▶ **WHAT TO PRODUCE**: The response should consist only of the lines from the one with "Carly Reid tweet media" to the end of the data below, copied exactly and without pictures.

▶ **DATA TO PROCESS**:

::::::

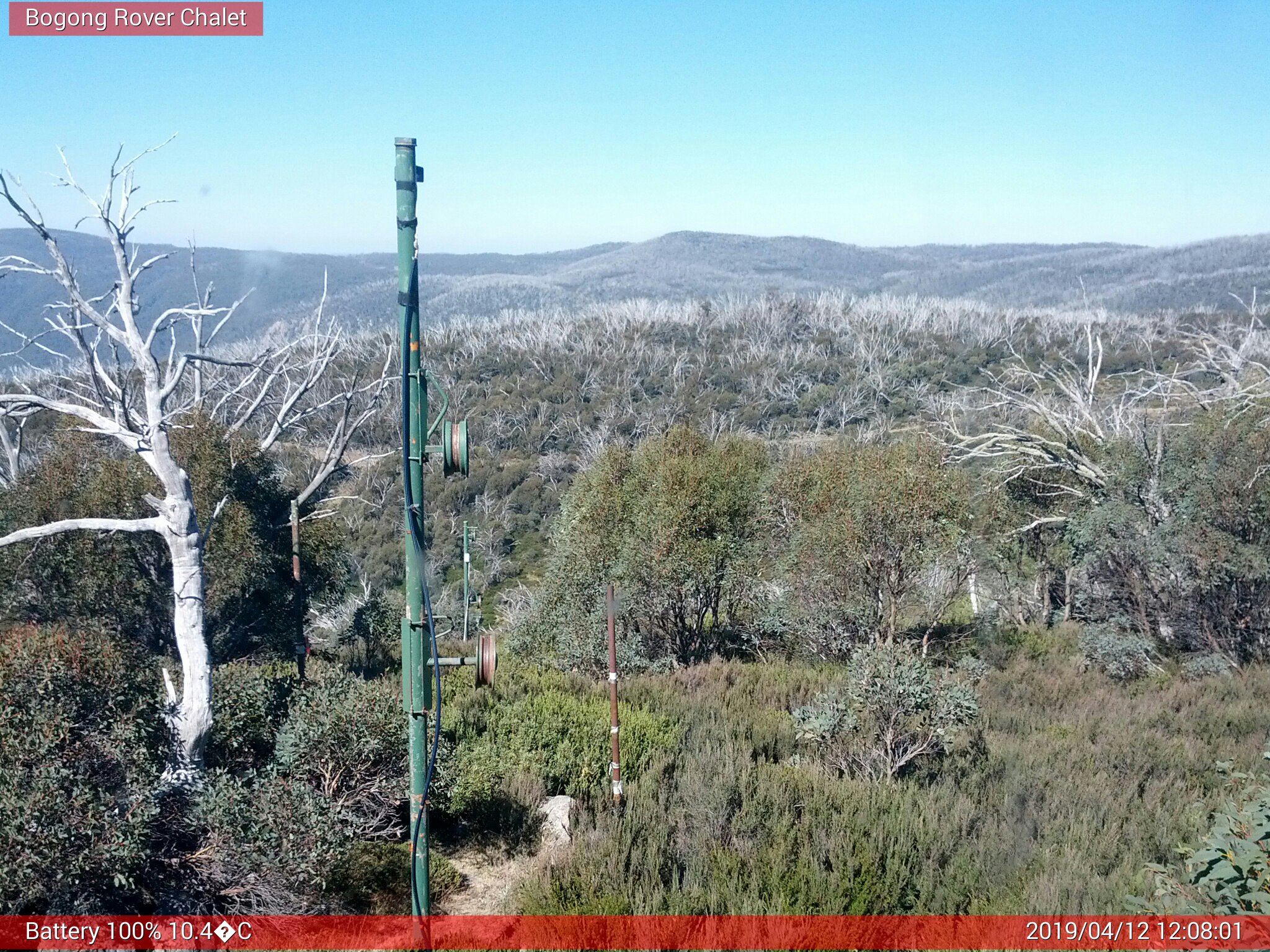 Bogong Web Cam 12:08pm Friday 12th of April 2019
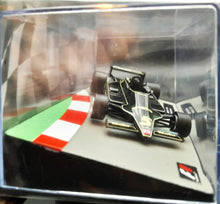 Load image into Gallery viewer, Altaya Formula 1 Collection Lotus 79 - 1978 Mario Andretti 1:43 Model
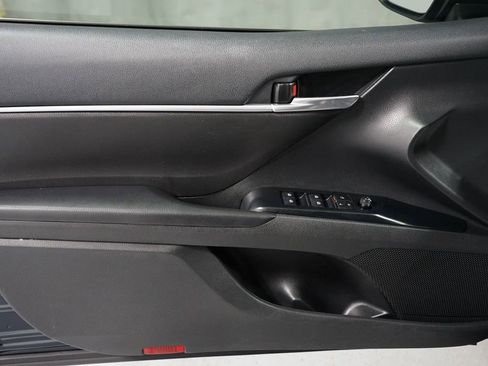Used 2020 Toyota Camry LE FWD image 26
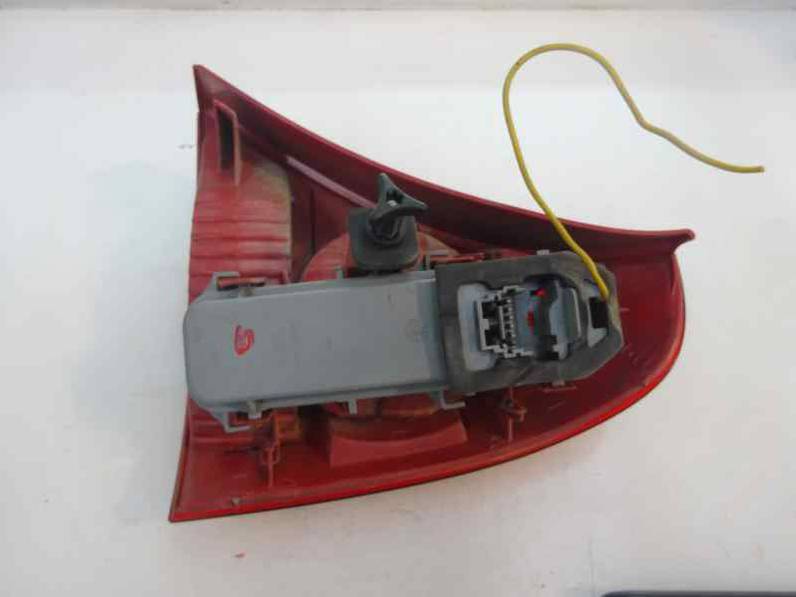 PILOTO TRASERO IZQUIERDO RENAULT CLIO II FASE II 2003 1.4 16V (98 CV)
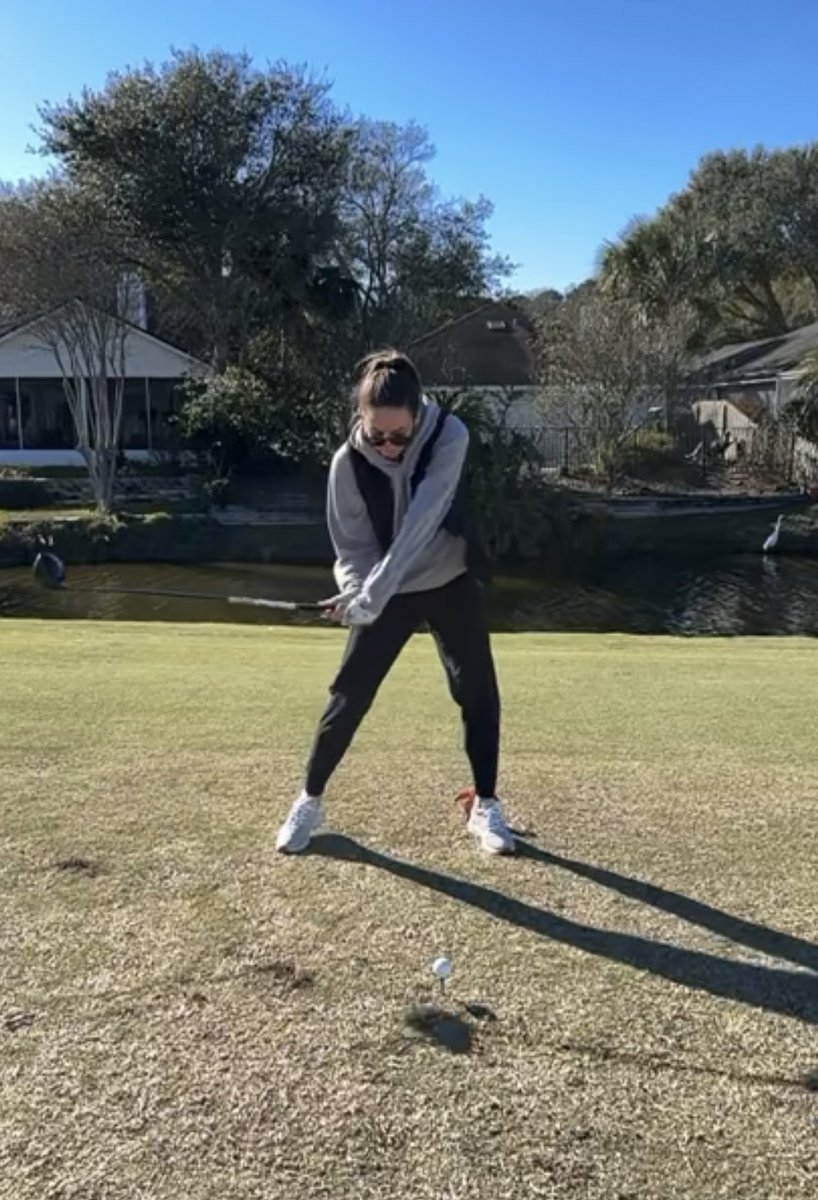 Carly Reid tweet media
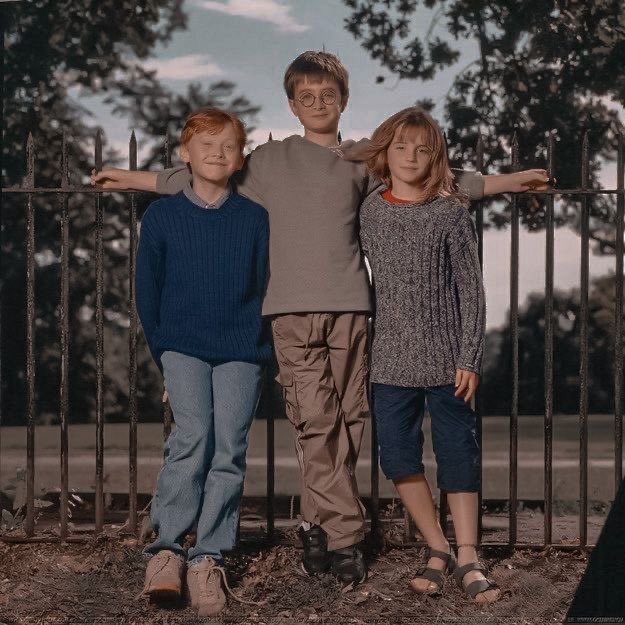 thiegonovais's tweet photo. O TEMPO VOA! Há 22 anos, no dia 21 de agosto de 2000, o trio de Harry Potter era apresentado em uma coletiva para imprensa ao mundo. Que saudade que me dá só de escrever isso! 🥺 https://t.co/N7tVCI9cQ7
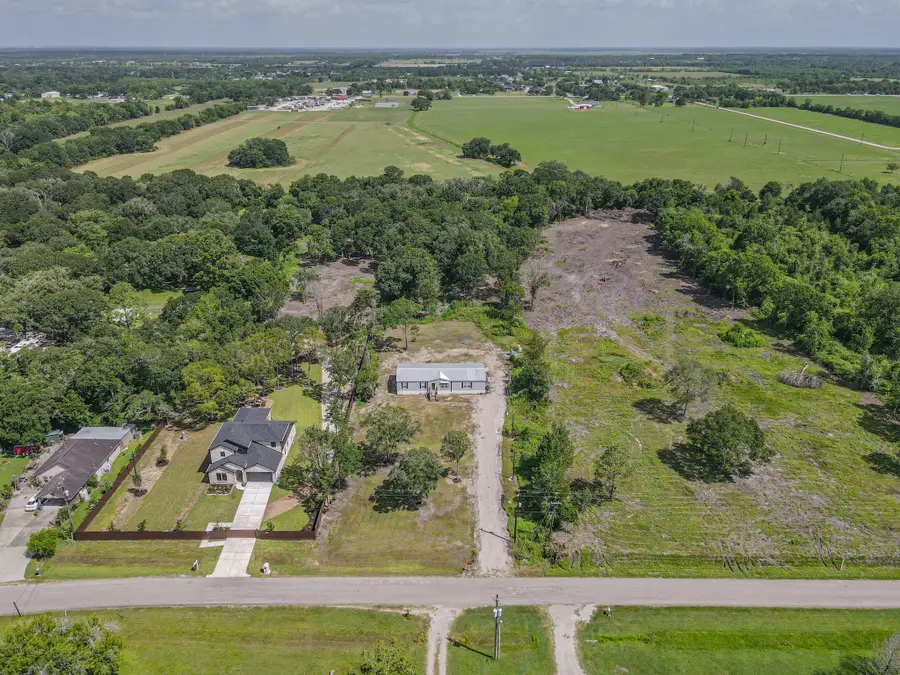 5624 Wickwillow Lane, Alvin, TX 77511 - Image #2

::::::

▶ **SOLVED EXERCISE**:
 Carly Reid tweet media
 thiegonovais's tweet photo. O TEMPO VOA! Há 22 anos, no dia 21 de agosto de 2000, o trio de Harry Potter era apresentado em uma coletiva para imprensa ao mundo. Que saudade que me dá só de escrever isso! 🥺 https://t.co/N7tVCI9cQ7
 5624 Wickwillow Lane, Alvin, TX 77511 - Image #2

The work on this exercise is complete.